The study which was published the Proceedings of the National Academy of Sciences revealed that day active beetles use the cue signals differently to night active species.
Astronomers spot closest star to ever pass earth
Astronomers spot closest star to ever pass earth Astronomers have detected the closest star to ever pass through the earth, other than the Sun.
The star, known as the Scholz's star passed through the Oort Cloud of comets and the solar system 70 000 years ago, at a distance 0. 8 light years.
This is five times closer than the currently nearest star, Proxima Centauri which is at 4.2 light years away.
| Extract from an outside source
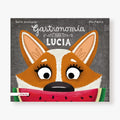 Gastronomía para Lucía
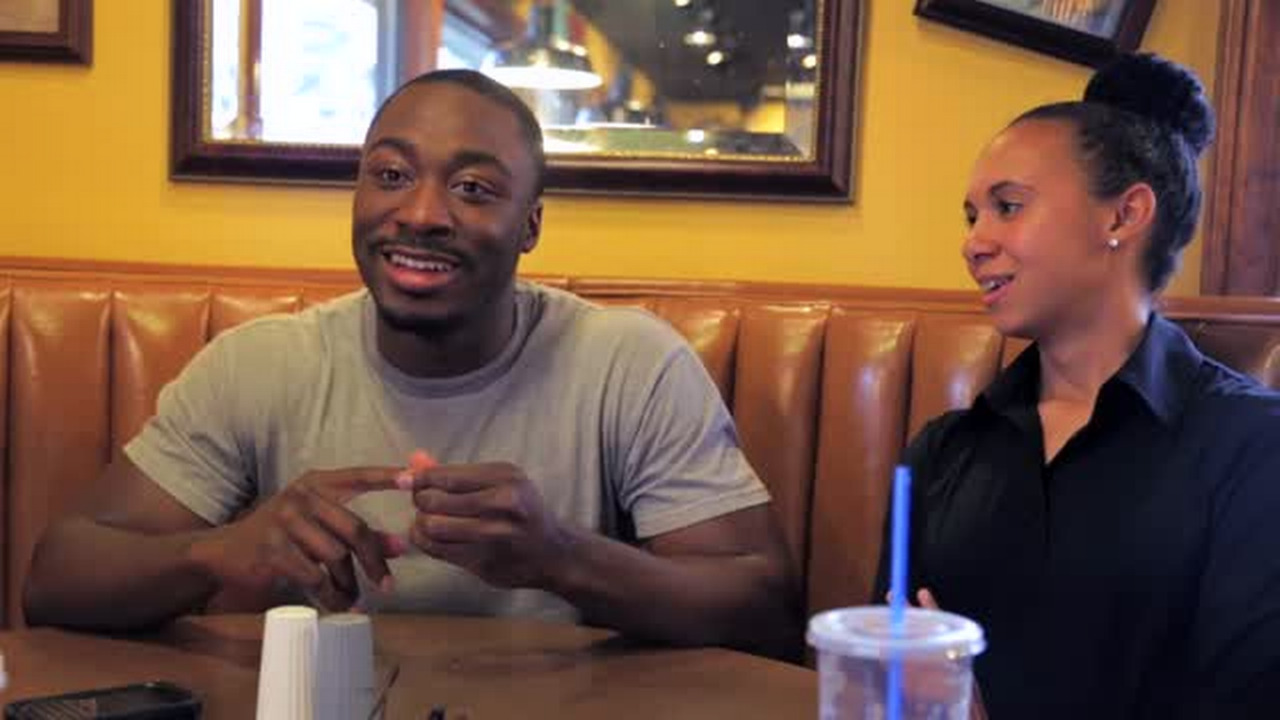 VIDEO: Marcus Lattimore talks about his proposal to fiancee Miranda Bailey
Second comet discovered in SA
A second comet has been discovered in South Africa, 37 years after the first one was discovered.
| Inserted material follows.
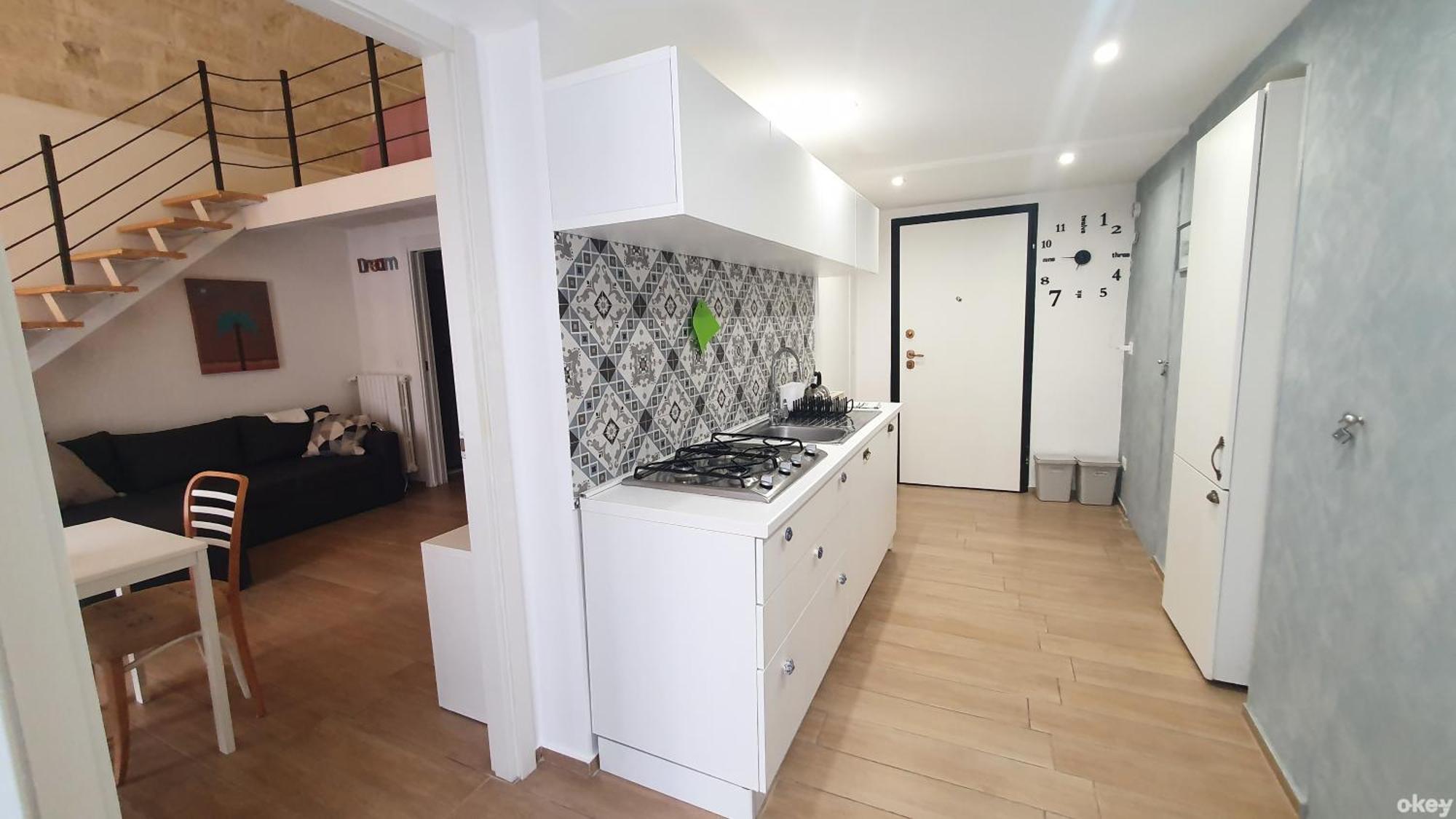 Station - Centro Guest house Bari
This brings to 20 the number of comets discovered so far this year.
An unmanned robotic telescope, MASTER-SAAO, situated near Sutherland in the Karoo, discovered the new comet.
SA scientists make ground breaking gamma-ray discovery
Wits University astronomers have discovered three extremely luminous gamma-ray sources in the Large Magellanic Cloud (LMC), the satellite galaxy of the Milky Way, using the High Energy Stereoscopic System (H.E.S.S.) telescopes.
After seven years of collecting 200 hours of data, the scientists found these new sources, namely, the Pulsar Wind Nebula, Supernova Remnant, and the Superbubble.
The discovery was featured in the latest edition of the scientific journal, Science, in a research paper titled: The exceptionally powerful TeV ƴ-ray emitters in the Large Magellanic Cloud.
A Cape fur seal disembowels a blue shark off Cape Point.
For the first time in history Cape fur seals turned the tables when they were recorded catching and killing several blue sharks off Cape Point in the Western Cape.
The ground-breaking discovery which is published in the African Journal of Marine Science was made by South African shark expert, Chris Fallows.
"It was the first time such behaviour had ever been recorded and obviously it was an exceptional interaction, we were privileged enough to watch."
Meteorite crash caused formation of Gauteng cave
Geologists believe a very large meteorite impact which occurred two billion years ago formed structures that led to a formation of a giant cave in Vredefort, south of Johannesburg.
A meteorite is a solid piece of debris from such sources as asteroids or comets that originates in outer space and survives its impact with the Earth's surface.
University of Johannesburg postgraduate student, Pedro Boshoff, who is one of the first groups of people to go down the cave, stumbled across this early finding while doing his research into the structures of the cave.